コンビニ業界で圧倒的な強さを誇る「セブンイレブン」を展開するセブン&アイ・ホールディングスと「ユニクロ」を手掛けるファーストリテイリング。こうした流通業の巨人たちを“超えた”作業服販売チェーンがある。全国に700店舗以上の作業服・作業用品店を展開するワークマンだ。

 ワークマンの株式時価総額は約800億円で、セブンの50分の1ほど。にもかかわらず、株式時価総額を従業員数で割った「従業員1人当たりの株式時価総額」で比較すると、立場は逆転する。ワークマンの従業員1人当たりの株式時価総額は約3億6000万円で、セブンの10倍超、ファストリの約2倍の水準だ。

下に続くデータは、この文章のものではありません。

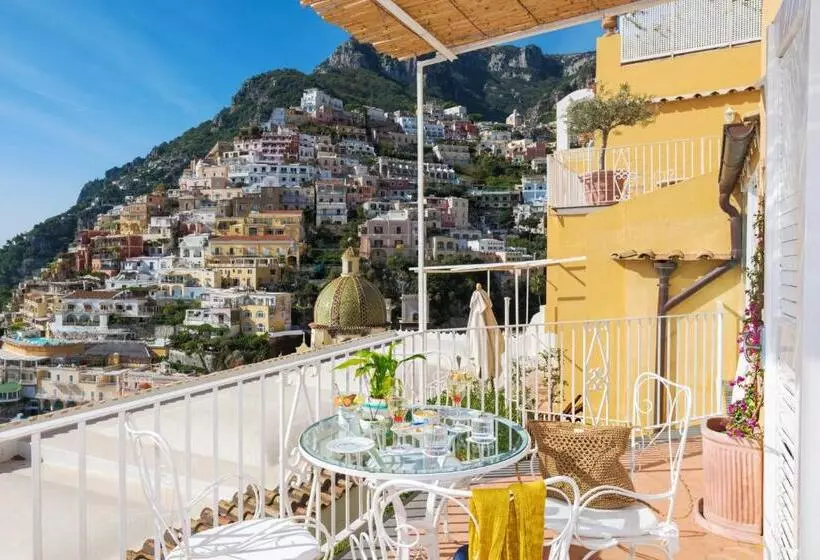 سوئیت جونیور خانوادگی, L Ancora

 ワークマンは2013年、従業員1人当たりの株式時価総額を全社のKPI(重要業績評価指標)に設定した。「社員1人ひとりの力を最大限に引き出し、企業価値を高め、株主に報いたかった」(CIO=最高情報責任者の土屋哲雄常務取締役)。今は従業員1人当たりの株式時価総額で国内小売業トップを目指し、様々な施策を展開する。例えば、店舗を徹底して標準化したり、特売をしなかったりという具合だ。店舗の大きさは原則100坪で統一しており、値引き販売は全商品の1%以下に抑えている。

8つの自動発注アルゴリズムで“予測”

 さらなる成長を求めて、ワークマンが力を入れ始めたのがビッグデータの利活用だ。土屋常務は「少数精鋭で株式時価総額を1000億円、さらに1500億円と伸ばしていくためには、ビッグデータの利活用が欠かせない」と話す。今までのように現場の勘と経験に頼りきりでは、今後の成長は見込めないと判断した。

 具体的には、社内に蓄積した出荷データなどを分析して発注を自動化したり、複数の店舗を統括するスーパーバイザー(SV)に対してExcelを使ったデータ分析手法を教え込んだりしている。これまではSVにノートパソコンを配布しても、事務所のロッカーに鍵をかけてしまったままにしておくほどIT(情報技術)活用の意識は低かった。